ASSIGNMENT:
Search the material below for the string "Picture" and extract each line that has it.
== == ==
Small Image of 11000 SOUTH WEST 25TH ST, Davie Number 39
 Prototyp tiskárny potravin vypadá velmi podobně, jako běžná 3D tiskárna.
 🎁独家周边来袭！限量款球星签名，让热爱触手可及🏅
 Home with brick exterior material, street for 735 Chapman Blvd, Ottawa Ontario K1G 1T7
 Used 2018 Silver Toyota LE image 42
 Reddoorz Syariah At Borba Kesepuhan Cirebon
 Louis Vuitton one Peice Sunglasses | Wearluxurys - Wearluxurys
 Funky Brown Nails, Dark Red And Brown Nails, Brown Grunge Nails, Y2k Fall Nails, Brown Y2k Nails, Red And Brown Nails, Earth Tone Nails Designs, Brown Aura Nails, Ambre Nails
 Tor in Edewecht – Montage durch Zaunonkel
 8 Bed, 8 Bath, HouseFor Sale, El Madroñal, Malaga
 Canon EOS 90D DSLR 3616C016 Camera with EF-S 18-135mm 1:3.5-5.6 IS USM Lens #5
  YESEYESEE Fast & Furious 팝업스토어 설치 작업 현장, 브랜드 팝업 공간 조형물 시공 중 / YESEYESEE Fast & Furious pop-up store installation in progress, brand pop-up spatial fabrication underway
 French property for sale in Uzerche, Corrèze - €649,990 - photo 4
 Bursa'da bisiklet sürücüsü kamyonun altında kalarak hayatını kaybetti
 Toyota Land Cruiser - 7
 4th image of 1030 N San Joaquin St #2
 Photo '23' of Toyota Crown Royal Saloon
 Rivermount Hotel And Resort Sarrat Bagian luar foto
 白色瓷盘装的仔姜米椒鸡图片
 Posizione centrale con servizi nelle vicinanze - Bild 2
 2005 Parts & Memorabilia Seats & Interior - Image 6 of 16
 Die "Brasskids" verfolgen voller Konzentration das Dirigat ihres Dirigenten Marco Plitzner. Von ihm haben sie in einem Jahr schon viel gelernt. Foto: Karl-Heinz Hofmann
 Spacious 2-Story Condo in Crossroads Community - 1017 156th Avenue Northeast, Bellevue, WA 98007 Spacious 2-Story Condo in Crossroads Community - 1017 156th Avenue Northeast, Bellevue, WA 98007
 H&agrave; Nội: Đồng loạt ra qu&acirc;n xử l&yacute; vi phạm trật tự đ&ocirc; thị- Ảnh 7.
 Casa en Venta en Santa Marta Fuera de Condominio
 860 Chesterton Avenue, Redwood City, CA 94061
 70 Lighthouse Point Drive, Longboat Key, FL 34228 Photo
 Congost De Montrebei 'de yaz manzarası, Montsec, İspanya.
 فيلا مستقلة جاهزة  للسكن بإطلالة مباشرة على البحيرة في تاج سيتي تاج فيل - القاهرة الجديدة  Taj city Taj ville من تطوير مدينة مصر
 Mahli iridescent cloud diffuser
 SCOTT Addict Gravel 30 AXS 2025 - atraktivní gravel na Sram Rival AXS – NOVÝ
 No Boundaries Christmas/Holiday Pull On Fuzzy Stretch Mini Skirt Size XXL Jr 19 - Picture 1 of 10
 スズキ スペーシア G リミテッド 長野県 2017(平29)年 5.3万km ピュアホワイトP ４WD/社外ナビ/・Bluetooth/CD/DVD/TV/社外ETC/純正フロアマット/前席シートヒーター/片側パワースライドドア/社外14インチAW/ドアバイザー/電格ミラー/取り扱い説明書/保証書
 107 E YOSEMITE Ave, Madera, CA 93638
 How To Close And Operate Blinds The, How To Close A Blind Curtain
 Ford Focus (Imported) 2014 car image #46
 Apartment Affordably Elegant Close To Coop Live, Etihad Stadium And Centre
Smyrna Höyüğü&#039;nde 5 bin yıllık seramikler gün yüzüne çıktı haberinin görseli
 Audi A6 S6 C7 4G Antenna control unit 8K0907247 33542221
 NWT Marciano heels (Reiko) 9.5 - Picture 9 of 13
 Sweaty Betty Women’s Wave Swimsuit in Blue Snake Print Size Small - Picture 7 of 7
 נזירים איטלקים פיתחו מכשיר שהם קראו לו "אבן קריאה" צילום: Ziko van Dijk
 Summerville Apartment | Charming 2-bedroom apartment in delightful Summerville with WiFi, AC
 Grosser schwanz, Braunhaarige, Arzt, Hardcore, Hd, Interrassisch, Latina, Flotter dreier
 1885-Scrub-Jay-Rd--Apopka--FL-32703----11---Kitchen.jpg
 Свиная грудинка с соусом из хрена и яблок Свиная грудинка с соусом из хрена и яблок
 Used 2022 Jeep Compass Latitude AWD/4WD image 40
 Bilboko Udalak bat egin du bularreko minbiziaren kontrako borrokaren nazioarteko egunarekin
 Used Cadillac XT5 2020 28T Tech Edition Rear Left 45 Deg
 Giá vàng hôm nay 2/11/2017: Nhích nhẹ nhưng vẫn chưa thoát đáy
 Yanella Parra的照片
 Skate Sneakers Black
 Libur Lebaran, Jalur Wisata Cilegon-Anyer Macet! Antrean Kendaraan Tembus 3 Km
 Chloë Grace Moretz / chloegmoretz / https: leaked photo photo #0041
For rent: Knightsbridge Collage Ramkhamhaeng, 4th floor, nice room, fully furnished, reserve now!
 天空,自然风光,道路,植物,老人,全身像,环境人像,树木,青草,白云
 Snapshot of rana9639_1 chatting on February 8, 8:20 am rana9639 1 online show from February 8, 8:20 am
== == ==
THE ANSWER:
 No Boundaries Christmas/Holiday Pull On Fuzzy Stretch Mini Skirt Size XXL Jr 19 - Picture 1 of 10
 NWT Marciano heels (Reiko) 9.5 - Picture 9 of 13
 Sweaty Betty Women’s Wave Swimsuit in Blue Snake Print Size Small - Picture 7 of 7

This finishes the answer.